Jena is a mostly white town in central Louisiana with a population of about 3,000 people. This whole flap surrounds a tree on the local high school campus – the shade of which supposedly belongs to whites only? I was unaware one can claim shade?

Last fall during an assembly, a black student asked an administrator whether he could sit under the tree. The very fact that the question needed to be asked at all, embodies the crux of racial tensions in this country. To people in the assembly, the question may very well have represented the same retreaded innuendo that suggests a white vs. black power struggle that persists. Students were reassured…they could sit where ever they like.Several black students soon joined white students under the tree – and the next day, three nooses hung from it. The administration of the schools as well as the entire population of the town was oblivious to the hidden meaning of the question in the assembly, and now all wondered why the nooses? It was not a harmless prank – at least blacks didn’t see it that way. It was a sign of hidden racial hatred buried and bubbling just below the surface in the misled and ignorant minds of white students. Tensions immediately rose. The school administration blundered again by inviting Reed Walters, the district attorney, and several police officers, to threaten students at will, which they were all too happy to do. “I can be your best friend or your worst enemy,” Walters told the assembly. “With a stroke of my pen, I can make your lives disappear.” It sounds like a scene ripped straight from Mississippi Burning.
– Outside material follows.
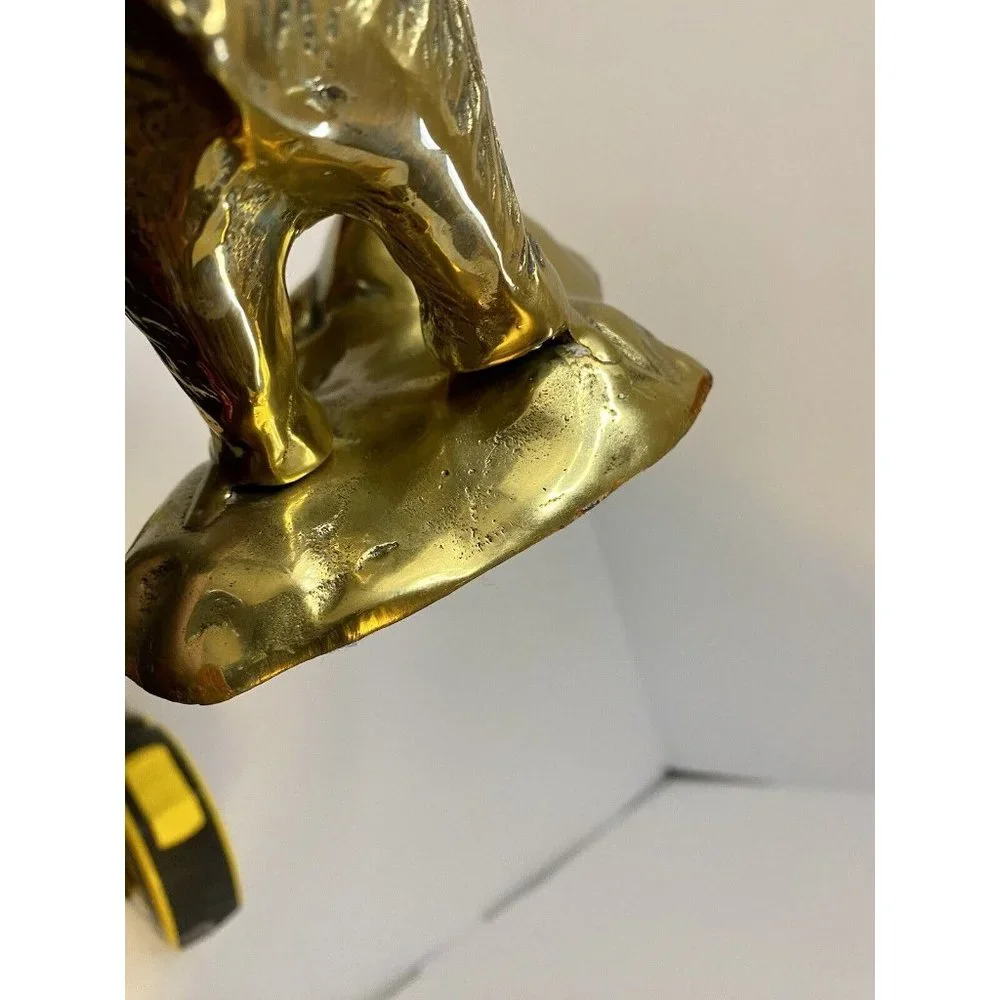 Vintage Brass Bear on‎ Rock Mountain Large 9” Made in Korea See All Pics As Is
Welcome Jim Crow esq.

 

What people in Jena don’t realize is that none of these things matter in the long run. Race, color, lifestyle and culture are not going to be the end of Western culture as we know it, nor will whites or blacks triumph over one another as the ‘ruling’ race. White people need not fear that their wholesome white-flight suburban existence is evaporating and black people need not fear that what they have fought for over the past 150 years will be undone. The real threat to this nation and culture as a whole is destructive economic policy, perpetuated at the hands of the power elite – and their worker bees like Reed Walters who are sent to keep the ‘black folk’ in line – and in some cases, the white folk too.

 

The rich love when we fight among ourselves. Racial tension and fighting in the streets, protests, and arrests, are wonderful distractions for the American middle class. They keeps our troubled minds off of some pretty disturbing facts – like the fact that Jena, is poor on the whole…really poor, and that most of their high school students probably won’t graduate – while the ones that do will have trouble ever finding meaningful work. It also distracts us from destructive war profiteering, the fact that our healthcare system is crumbling, that American wages are being depressed like never before, and that our elected leaders are nothing more than corporate puppets.

 

These issues are not white issues or black issues, they are everyone issues. More and more whites and blacks are falling into poverty as we speak. Some estimates have numbers set as high as 12% of all people in the U.S. living at or under the official poverty line. Of course the poverty line is a distraction in itself. When you really think about it, who can live on $12,000 per year? The poverty line should be at $17,000 to $20,000 per year. If that was the case, I believe the numbers of those in poverty would be much higher, and include many more people in places like Jena.

 

The point is, average people in this country cannot relate to the rich power elite and we never will. They loathe all of us. They will not help us, they do not care, and they want nothing more than to preserve the status quo. As a racially diverse populus, we help do their morally bankrupt bidding by scrapping among ourselves. If we are fighting each other, we can never unite to fight them. I say to the Jena six and everyone else involved in that case, don’t turn your anger on your black or white neighbors, level that anger toward the true culprits…the rich and powerful who manipulate and take advantage of situations like Jena to manufacture profit and rob you of your civil rights – while we bleed and our children are jailed in the name of false justice.